In product innovation: a designer can consult the methodology of Da Vinci (holistic observation) and that of Tesla (visionary engineering) for the same challenge. The two approaches are not in competition — they complement each other.
In business strategy: entrepreneurs no longer read sequentially (first Drucker, then Musk, then Simone Weil). They ask a question: “How do I build a meaningful business?” and obtain a synthesis of perspectives.
In mental health and well-being: Therapists can explore how Jung, Frankl and contemplative traditions approach a patient’s search for meaning. This enriches the practice.
In education: students no longer memorize facts. They explore how great thinkers construct knowledge. This is an educational change.
You are not interacting with a generic AI. You interact with a specialized intelligence, built around the complete work of a thinker.
Why it’s possible now (and not before)
Three technological convergences made this possible:
- RAG (Retrieval-Augmented Generation): Models can now retrieve and contextualize specific passages rather than generating vague content.
- Vector databases: Storing and searching thousands of pages efficiently becomes technically trivial.
- Lightweight specialized models: We no longer need GPT-4 for each case. Lighter models, fine-tuned for a task, are sufficient.
The cost of technology has collapsed. The intellectual cost (compiling complete works) remains high. But for major thinkers, it is doable.
Limits (which must be named)
Let’s be honest:
They are not living spirits. AI reconstructs static thinking, based on past writings. It cannot innovate or evolve.
The interpretation remains subjective. When we compile “Nietzsche’s complete works”, we are already making a curatorial choice. Two teams might do it differently.
This does not replace the study of sources. A researcher who never reads Bohm directly but “consults” him via AI remains superficial. The tool assists research, it does not replace it.
Biases are built in. If we select the source texts poorly, we reproduce the biases of the selection.
Towards enhanced research
The real potential lies elsewhere: transforming research into dialogue.
Historically, research was solitary. A researcher read hundreds of articles, synthesized alone, wrote his conclusion.
With these tools, the synthesis becomes interactive. You ask a question of several thinkers simultaneously.

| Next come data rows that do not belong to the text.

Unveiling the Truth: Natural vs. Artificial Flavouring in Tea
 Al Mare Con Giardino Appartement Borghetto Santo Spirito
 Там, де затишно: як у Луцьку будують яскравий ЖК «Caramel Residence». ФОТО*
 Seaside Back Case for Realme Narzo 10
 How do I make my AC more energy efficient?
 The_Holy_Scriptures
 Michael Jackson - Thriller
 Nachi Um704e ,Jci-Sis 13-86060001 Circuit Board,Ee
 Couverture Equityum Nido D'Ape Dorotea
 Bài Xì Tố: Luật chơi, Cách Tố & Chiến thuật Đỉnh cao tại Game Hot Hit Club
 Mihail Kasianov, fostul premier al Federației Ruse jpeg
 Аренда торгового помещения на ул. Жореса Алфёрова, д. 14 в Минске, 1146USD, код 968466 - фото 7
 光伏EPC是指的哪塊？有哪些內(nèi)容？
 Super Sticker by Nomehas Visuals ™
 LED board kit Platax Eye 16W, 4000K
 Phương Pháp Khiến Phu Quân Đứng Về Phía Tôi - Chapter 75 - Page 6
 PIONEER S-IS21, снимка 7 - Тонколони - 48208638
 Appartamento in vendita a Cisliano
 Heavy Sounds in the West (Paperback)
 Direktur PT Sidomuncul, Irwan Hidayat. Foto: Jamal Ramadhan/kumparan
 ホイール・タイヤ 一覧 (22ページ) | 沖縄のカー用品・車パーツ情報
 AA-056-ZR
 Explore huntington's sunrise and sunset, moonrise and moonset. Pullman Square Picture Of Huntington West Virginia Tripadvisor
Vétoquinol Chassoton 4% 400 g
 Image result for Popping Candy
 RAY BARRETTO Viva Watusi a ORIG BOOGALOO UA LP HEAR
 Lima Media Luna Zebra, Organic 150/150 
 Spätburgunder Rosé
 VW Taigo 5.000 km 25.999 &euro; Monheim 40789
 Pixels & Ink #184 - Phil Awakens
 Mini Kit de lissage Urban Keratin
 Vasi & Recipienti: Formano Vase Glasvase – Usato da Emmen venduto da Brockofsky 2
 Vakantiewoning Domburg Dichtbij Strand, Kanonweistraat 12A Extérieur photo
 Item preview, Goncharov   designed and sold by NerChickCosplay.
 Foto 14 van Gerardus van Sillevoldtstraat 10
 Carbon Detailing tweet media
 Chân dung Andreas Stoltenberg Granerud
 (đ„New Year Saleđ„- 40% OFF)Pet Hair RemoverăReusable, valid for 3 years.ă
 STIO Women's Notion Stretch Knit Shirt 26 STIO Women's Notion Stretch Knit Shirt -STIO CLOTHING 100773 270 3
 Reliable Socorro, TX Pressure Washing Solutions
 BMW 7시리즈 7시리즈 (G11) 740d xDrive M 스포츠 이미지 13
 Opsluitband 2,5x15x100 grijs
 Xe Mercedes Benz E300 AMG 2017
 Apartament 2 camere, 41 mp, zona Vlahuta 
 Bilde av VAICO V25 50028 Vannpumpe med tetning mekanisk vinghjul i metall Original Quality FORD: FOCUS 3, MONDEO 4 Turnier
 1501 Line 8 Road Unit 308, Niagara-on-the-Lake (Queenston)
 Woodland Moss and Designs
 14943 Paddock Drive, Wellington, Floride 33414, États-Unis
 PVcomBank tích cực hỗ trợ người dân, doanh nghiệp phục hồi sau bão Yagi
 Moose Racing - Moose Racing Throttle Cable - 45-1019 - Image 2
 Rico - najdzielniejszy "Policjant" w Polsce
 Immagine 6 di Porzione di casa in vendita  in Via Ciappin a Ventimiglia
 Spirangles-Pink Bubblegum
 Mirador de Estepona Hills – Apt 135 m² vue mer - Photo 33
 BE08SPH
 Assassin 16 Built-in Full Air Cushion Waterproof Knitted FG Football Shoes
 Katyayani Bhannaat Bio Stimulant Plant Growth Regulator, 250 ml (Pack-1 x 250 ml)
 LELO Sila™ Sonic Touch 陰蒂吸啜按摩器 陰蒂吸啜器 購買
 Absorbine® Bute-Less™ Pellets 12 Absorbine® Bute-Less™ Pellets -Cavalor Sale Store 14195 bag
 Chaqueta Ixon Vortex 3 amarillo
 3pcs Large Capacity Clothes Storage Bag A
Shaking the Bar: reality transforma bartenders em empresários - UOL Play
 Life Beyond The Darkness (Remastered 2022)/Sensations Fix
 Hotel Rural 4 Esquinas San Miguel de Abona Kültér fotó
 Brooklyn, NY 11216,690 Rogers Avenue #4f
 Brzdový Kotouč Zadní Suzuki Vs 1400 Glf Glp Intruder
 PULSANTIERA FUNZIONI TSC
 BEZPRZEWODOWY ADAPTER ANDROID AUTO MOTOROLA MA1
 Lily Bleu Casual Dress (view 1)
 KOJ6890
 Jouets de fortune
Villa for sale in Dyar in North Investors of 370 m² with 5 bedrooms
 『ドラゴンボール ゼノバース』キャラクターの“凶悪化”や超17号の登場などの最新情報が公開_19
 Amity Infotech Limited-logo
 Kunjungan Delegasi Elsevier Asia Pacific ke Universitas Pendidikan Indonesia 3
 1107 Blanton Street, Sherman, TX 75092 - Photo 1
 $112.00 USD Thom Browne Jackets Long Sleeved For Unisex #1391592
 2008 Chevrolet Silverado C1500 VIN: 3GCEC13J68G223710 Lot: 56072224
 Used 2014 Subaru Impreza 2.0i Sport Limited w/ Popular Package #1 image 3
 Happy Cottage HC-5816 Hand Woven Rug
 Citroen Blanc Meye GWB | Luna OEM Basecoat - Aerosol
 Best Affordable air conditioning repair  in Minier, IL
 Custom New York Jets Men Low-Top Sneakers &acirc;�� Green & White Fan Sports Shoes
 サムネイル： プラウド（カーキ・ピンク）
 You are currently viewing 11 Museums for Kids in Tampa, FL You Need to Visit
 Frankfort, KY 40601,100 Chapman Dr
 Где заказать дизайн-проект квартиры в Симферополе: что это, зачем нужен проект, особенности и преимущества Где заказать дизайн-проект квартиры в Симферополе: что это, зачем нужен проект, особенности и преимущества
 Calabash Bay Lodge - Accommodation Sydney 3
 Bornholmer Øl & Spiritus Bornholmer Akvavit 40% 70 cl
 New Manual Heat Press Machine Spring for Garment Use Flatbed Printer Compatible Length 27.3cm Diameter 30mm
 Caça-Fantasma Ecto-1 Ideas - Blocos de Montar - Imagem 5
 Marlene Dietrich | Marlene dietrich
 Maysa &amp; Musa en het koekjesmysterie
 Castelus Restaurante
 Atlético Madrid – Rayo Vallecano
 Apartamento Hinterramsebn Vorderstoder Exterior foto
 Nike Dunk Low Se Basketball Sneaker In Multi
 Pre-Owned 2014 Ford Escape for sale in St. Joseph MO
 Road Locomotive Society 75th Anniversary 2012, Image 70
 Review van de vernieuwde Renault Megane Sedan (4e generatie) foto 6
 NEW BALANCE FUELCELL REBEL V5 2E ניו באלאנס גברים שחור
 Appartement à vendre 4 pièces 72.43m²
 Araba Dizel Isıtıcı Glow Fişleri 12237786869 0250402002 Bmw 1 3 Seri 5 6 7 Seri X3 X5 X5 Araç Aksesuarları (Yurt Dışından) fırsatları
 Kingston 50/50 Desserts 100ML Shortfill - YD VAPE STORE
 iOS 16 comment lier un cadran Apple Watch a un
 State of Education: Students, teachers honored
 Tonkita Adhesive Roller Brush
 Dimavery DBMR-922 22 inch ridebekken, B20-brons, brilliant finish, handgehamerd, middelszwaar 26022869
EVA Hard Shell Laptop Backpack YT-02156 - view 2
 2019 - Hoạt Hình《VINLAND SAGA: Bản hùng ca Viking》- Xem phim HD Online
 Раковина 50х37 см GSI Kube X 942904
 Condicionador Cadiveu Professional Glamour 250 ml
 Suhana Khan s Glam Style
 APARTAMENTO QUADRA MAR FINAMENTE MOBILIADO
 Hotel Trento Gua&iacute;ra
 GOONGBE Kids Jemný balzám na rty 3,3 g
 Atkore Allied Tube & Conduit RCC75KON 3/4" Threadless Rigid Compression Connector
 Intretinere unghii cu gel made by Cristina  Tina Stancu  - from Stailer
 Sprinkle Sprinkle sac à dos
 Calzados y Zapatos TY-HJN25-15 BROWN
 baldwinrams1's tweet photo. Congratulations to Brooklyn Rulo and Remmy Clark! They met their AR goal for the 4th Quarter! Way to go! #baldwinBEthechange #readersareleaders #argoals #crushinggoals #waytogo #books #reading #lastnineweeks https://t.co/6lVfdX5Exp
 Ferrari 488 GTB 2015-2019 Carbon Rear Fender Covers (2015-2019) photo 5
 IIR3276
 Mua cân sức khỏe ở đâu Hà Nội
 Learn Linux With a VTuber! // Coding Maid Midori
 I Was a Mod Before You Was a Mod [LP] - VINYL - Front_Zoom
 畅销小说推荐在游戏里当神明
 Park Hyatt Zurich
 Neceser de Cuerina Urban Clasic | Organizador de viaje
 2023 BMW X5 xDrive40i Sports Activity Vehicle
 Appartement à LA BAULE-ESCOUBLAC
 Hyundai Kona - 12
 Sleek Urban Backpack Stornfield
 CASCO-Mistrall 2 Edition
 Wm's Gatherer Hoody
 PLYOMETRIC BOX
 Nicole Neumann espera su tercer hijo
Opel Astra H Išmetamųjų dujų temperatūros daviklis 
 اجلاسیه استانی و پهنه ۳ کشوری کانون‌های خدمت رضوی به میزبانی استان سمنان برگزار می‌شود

You hear them debating. You spot contradictions, points of convergence, unexplored paths.
It is not AI that innovates. It is the researcher, assisted by a tool that allows him to explore more widely and more deeply.
For illustration, researchers in France are already experimenting with this type of approach. One of the first real-world applications is AI Symposium, which reconstructs 40+ major thinkers (Einstein, Tesla, Buddha, Nietzsche, Sheldrake, Bohm, etc.) from their works and enables multi-perspective dialogues.
This is just the beginning. But it signals a trend: specialized and dialoguing AI is becoming a research tool.
The questions this raises
For researchers: How to integrate these tools without sacrificing rigor?
For scientific publishers: How to validate research that relies on AI-assisted dialogue?
For universities: How to teach to use these tools critically?
These questions have no simple answers. But they are worth asking.
In the end, no revolution, an evolution
We must not over-dramatize. Specialized AI is not a revolution. This is a logical evolution of search tools.
Before, you had:
- Google Scholar (to find papers)
- PubMed (for medical literature)
- Manual summaries (your work)
Now you have:
- The same engines (+ assistants)
- Tools that synthesize faster
- Augmented dialogues that broaden your perspective
AI does not innovate. You innovate. AI helps you explore more broadly.
For research in search of depth, it is a paradigm shift: moving from general AI (breadth) to specialized AI (depth) and combining them.
The next great discovery may well come from a question that a lucky researcher asks of several major minds gathered in this type of dialogue.
This is why you need to pay attention to it.